What followed was a family implosion. Courtrooms instead of CNY reunions. Lawyers instead of love. Claims of trust arrangements from the 90s, a “Company Resolution” they all signed in 2012, and share transfers that apparently came with no payments. 

The older brothers said it was a sale. The younger ones said it was a gift based on long-standing trust and shared effort.

Who’s right?

The High Court eventually ruled in favor of the younger brothers. Turns out, those family agreements—though informal, even a little messy—can still hold water when backed by years of consistent behavior, financial contribution, and a bit of documentation. But by then, the damage was done.

No more family dinners. No more “I got your back.” Just silence. The kind that echoes even louder in a small island like ours.

So what do we take away from this?

Look, I’ve been in corporate finance for over 15 years. I’ve helped founders exit for millions and guided families navigating sticky shareholder exits. But nothing—and I mean nothing—is more volatile than a business built on assumed trust with zero structure.

Because here’s the hard truth: feelings fade. Memories get fuzzy. But paper—paper doesn’t forget (plus now digitally it is uploaded and saved somewhere).
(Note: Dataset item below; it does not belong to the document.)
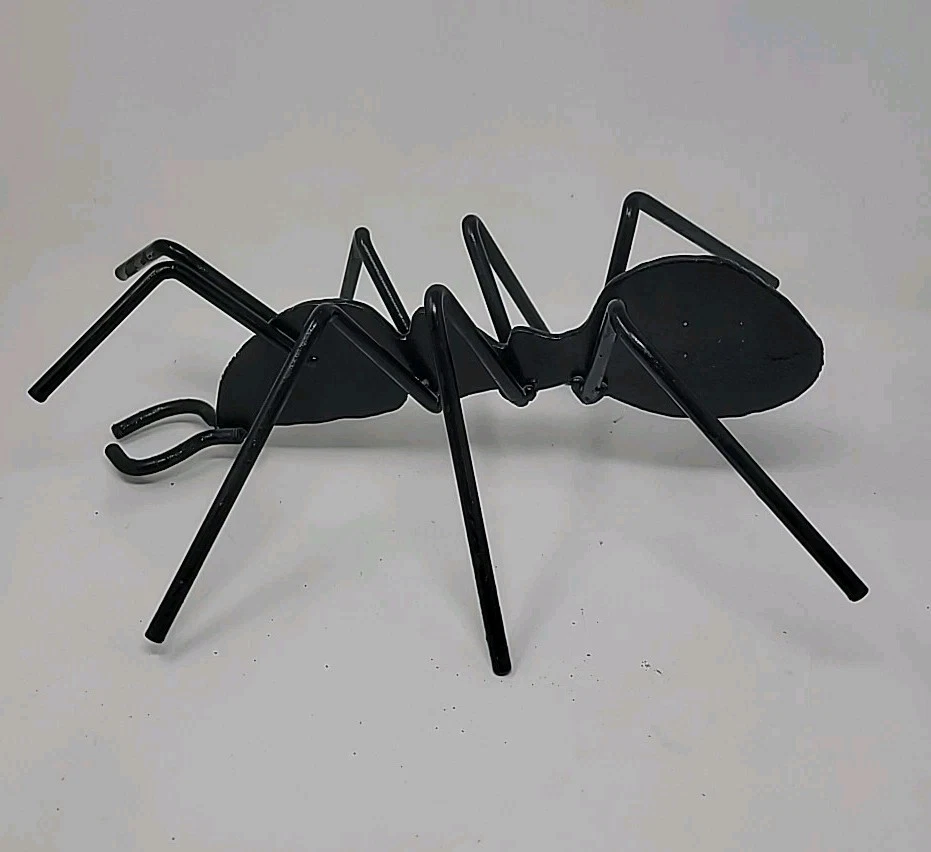 Escultura de hormigas de metal grande de 14,5 por 10" yardas de arte Foto 1 de 4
If you’re building a business with family, here are three lessons that you must not forget:

  1. Put it in writing. Trust is great. But contracts preserve trust. Don’t rely on verbal agreements from the ’90s when today’s assets are worth millions.
  2. Separate roles from relationships. Your eldest brother may have raised you, but that doesn’t make him your CFO if he is not financially trained. Know and define who’s wearing what hat—and the responsibilities and accountabilities that come with it.
  3. Review and refresh. Businesses evolve. So should your agreements. What made sense in 2012 may not work in 2025. Update your shareholder structure, especially when new projects or people come in.

Today, there’s a growing trend of family offices and succession planning in Singapore – especially with so many SMEs hitting the second or third generation. That’s a good thing. But plans only work when they’re followed.

There is a chinese saying “富不过三代” (fù bù guò sān dài), meaning “wealth doesn’t last three generations”, but with proper legacy and wealth planning, it could last more than three generations and the legacy last for the many generations to come.

So next time when you are hanging out with your family-business-partner, ask: “Eh, bro… we really clear on this or not? Let’s get the paper work done and sign it.”

Because if not, you might find your next family meeting happening… in court.